Privilege and confidentiality protections create this strange dynamic where firms are reluctant to share threat intelligence with each other or even with regulators. How much does that legal culture actively work against collective defence?
Legal privilege and confidentiality are essential, but the challenge is that, under pressure, companies increasingly tend to treat all data points as privileged. This can be counterproductive, as it can slow down and jeopardise timely information-sharing.
This is an important challenge, as regulators and peers require speedy, specific and actionable insights.
Companies need to find a balance between privilege and confidentiality protections, and a strategy for sharing threat intelligence. Done well, this can help improve the overall ecosystem resilience without compromising our legal culture.
Small and mid-sized firms outsource enormous amounts of sensitive work, from document review to financial modeling to cloud infrastructure. How should a firm be thinking about third-party risk when their vendors’ vendors also have access to client data?
Vendors should no longer be seen as an external third party. They should become part of a company’s integrated supply chain, with the duties, responsibilities and trust that this requires.
At a practical level, the company’s responsibility is to understand the end-to-end supply chain and the role that every vendor plays in it. This means, for example, keeping a live inventory of all partners that handle sensitive data, classifying them and even requiring vendors to disclose their sub-processors.
When signing a contract, companies need to set security obligations, incident-notification timelines and the right to know who accesses their data and in which terms. Additionally, due diligence needs to go beyond a one-off questionnaire and needs to be assessed periodically. You need to make sure that you set minimum standards and that your vendors enforce them.

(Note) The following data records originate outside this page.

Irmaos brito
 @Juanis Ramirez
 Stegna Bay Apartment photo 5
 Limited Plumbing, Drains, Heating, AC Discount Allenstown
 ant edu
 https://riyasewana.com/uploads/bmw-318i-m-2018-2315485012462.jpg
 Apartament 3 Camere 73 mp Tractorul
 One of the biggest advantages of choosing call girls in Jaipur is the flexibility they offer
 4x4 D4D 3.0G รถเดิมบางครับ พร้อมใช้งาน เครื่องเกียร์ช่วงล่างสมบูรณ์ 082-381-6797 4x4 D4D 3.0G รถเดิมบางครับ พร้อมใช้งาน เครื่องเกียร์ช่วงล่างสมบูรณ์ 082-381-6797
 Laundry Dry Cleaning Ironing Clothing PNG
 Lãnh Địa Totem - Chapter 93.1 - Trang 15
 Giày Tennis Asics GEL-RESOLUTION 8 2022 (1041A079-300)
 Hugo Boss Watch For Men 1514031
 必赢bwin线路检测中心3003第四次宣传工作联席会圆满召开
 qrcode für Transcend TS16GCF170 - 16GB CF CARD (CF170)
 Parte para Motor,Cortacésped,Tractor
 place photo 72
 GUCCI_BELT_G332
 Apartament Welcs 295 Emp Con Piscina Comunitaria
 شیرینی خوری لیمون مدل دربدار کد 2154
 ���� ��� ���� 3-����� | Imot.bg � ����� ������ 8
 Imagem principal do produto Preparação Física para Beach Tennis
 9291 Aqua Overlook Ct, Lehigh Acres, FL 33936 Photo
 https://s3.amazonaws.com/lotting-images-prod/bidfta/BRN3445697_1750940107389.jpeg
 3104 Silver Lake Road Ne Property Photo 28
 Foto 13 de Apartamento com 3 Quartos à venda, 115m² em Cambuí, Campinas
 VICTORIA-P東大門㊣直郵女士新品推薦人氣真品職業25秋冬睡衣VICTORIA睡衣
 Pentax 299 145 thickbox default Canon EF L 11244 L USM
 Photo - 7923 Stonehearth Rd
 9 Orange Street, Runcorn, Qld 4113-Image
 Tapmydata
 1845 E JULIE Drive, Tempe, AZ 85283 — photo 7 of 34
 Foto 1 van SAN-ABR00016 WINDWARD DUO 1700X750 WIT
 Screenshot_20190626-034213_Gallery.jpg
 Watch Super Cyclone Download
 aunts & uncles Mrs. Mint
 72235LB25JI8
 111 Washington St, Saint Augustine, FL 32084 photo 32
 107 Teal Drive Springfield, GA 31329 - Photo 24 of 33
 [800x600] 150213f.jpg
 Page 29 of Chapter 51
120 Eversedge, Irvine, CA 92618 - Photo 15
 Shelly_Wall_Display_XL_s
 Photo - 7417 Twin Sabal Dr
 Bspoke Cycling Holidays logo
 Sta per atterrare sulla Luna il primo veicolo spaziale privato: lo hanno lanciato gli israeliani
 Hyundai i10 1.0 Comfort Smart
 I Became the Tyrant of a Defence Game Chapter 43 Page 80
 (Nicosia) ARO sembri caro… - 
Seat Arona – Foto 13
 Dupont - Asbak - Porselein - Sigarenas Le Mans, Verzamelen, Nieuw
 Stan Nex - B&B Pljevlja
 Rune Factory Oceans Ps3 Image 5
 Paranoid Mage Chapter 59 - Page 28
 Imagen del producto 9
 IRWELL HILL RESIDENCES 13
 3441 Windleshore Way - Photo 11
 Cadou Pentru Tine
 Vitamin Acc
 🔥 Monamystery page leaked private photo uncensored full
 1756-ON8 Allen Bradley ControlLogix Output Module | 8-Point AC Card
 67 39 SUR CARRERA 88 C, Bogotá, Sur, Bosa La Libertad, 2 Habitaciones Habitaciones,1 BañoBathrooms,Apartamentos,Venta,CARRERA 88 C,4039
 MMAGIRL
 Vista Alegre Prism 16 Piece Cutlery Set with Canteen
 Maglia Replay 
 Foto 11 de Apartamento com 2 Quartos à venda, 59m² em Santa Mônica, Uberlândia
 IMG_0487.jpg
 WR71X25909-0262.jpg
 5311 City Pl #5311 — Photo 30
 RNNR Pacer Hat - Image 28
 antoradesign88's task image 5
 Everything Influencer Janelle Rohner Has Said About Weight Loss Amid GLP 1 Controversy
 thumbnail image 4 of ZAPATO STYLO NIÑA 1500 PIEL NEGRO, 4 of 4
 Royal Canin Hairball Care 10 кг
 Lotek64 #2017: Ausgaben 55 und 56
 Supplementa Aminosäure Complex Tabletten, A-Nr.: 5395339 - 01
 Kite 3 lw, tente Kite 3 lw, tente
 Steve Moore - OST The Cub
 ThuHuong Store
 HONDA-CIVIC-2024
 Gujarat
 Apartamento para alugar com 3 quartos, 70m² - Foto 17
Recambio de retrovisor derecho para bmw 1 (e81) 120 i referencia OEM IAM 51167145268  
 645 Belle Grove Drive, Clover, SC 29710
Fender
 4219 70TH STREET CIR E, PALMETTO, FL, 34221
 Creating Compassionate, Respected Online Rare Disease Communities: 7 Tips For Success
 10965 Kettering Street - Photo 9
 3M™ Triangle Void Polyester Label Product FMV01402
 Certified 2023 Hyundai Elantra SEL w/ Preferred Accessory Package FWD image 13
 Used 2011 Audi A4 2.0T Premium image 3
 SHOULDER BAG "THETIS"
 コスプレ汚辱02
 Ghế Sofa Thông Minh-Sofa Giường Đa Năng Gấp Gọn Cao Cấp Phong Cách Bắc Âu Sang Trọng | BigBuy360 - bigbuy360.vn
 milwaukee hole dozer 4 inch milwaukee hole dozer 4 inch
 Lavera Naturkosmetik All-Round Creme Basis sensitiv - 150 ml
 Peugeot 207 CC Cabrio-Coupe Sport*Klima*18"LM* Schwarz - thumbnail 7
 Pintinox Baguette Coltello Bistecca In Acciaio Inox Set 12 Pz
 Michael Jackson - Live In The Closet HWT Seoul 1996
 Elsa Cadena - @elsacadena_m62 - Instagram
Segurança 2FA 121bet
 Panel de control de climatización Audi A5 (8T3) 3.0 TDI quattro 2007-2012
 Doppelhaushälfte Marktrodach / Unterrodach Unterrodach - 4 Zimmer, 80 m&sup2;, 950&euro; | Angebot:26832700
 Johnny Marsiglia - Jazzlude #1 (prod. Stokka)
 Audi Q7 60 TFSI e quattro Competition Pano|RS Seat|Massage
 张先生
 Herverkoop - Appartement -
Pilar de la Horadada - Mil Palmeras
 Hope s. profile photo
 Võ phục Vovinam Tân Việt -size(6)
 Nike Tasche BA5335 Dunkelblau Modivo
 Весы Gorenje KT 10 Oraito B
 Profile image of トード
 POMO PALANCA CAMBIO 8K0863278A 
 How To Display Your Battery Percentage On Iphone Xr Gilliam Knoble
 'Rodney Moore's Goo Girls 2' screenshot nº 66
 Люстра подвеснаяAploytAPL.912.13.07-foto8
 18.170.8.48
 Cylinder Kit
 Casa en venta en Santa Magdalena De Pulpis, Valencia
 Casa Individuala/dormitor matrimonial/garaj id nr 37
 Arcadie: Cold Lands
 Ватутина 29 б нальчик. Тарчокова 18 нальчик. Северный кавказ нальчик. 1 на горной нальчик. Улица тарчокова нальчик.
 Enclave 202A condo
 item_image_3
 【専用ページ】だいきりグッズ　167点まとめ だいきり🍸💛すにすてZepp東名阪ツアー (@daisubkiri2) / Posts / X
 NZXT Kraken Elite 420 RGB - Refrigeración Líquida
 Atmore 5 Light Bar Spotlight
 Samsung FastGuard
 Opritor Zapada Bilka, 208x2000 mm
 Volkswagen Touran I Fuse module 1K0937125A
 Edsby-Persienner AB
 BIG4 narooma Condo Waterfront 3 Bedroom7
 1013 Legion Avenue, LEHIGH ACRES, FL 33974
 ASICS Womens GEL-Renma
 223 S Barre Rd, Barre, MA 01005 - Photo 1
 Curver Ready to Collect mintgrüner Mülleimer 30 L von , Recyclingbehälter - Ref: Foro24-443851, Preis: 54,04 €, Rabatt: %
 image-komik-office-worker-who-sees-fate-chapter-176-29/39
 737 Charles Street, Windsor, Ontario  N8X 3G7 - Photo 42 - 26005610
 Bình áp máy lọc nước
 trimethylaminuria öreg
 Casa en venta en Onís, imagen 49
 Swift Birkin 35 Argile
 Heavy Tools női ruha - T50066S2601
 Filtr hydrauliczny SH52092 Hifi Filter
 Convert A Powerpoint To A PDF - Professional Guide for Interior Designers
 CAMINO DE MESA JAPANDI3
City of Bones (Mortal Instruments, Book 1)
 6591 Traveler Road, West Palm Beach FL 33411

You can outsource work, but you can not outsource the accountability to protect your and your client’s data. So, you need to do everything in your power to enforce your standards.
Legal tech and fintech have exploded with AI-native tools promising efficiency gains. What questions should a managing partner be asking before signing a contract with any of these vendors, and which answers should be dealbreakers?
Onboarding AI-native tools should be seen as giving new hires access to firm’s most sensitive information. It needs to be done by giving specific guidelines, and without making any assumptions.
Specific questions need to be made: What does the tool take in, where is it based and which jurisdictions’ laws apply to it? Is the information used to train models that benefit other customers or is it kept strictly to that company’s environment? What are the retention rules, what are the processes to request deletions and what audit logs are in place?
On top of that, independent assessments to track these are required. These can be audit reports, certifications, pen-test summaries, incident records…
When contracting, companies also need to be very specific about accountability. They need to be clear on what they commit regarding security controls, breach notification timelines and liability if a failure leads to financial, regulatory or reputational damage.
If you could change a structural thing about how professional services firms are built, governed, or regulated to make them more secure, what would it be and who would resist it most?
If I could make a structural change, it would be to treat security as a core business control, owned at the board level, measured consistently and evidenced through independent assurance. The aim is to work towards a predictable resilience. This means having fewer points of failure, faster containment when something goes wrong and more transparency.